++++ EXCERPTED RECORDS

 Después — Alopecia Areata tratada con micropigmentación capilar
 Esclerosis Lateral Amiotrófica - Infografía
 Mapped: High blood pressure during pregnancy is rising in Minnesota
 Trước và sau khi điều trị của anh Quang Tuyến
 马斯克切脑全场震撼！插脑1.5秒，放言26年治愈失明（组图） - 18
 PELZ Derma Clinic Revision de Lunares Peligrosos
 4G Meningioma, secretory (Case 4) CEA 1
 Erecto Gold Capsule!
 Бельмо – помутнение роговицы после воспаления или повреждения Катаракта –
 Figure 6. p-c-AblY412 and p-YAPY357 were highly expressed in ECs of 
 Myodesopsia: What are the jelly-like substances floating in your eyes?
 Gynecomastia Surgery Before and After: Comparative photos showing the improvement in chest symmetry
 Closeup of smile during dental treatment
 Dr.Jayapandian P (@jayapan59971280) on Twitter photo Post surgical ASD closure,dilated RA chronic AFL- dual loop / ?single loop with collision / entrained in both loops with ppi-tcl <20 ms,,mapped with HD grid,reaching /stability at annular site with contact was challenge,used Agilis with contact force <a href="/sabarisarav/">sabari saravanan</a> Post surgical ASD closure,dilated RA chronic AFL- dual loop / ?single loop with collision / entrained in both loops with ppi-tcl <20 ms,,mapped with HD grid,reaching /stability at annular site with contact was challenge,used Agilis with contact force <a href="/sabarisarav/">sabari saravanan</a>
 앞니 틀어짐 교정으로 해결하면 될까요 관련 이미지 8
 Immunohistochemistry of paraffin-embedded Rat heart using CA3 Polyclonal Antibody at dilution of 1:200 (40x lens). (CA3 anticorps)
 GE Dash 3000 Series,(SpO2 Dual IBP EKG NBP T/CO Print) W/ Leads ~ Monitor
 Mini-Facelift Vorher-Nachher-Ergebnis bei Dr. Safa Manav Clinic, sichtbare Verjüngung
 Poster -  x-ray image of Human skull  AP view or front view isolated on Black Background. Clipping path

++++++++

_THE TASK:_
Transcribe the data above verbatim.

_TASK RESULT:_
 Después — Alopecia Areata tratada con micropigmentación capilar
 Esclerosis Lateral Amiotrófica - Infografía
 Mapped: High blood pressure during pregnancy is rising in Minnesota
 Trước và sau khi điều trị của anh Quang Tuyến
 马斯克切脑全场震撼！插脑1.5秒，放言26年治愈失明（组图） - 18
 PELZ Derma Clinic Revision de Lunares Peligrosos
 4G Meningioma, secretory (Case 4) CEA 1
 Erecto Gold Capsule!
 Бельмо – помутнение роговицы после воспаления или повреждения Катаракта –
 Figure 6. p-c-AblY412 and p-YAPY357 were highly expressed in ECs of 
 Myodesopsia: What are the jelly-like substances floating in your eyes?
 Gynecomastia Surgery Before and After: Comparative photos showing the improvement in chest symmetry
 Closeup of smile during dental treatment
 Dr.Jayapandian P (@jayapan59971280) on Twitter photo Post surgical ASD closure,dilated RA chronic AFL- dual loop / ?single loop with collision / entrained in both loops with ppi-tcl <20 ms,,mapped with HD grid,reaching /stability at annular site with contact was challenge,used Agilis with contact force <a href="/sabarisarav/">sabari saravanan</a> Post surgical ASD closure,dilated RA chronic AFL- dual loop / ?single loop with collision / entrained in both loops with ppi-tcl <20 ms,,mapped with HD grid,reaching /stability at annular site with contact was challenge,used Agilis with contact force <a href="/sabarisarav/">sabari saravanan</a>
 앞니 틀어짐 교정으로 해결하면 될까요 관련 이미지 8
 Immunohistochemistry of paraffin-embedded Rat heart using CA3 Polyclonal Antibody at dilution of 1:200 (40x lens). (CA3 anticorps)
 GE Dash 3000 Series,(SpO2 Dual IBP EKG NBP T/CO Print) W/ Leads ~ Monitor
 Mini-Facelift Vorher-Nachher-Ergebnis bei Dr. Safa Manav Clinic, sichtbare Verjüngung
 Poster -  x-ray image of Human skull  AP view or front view isolated on Black Background. Clipping path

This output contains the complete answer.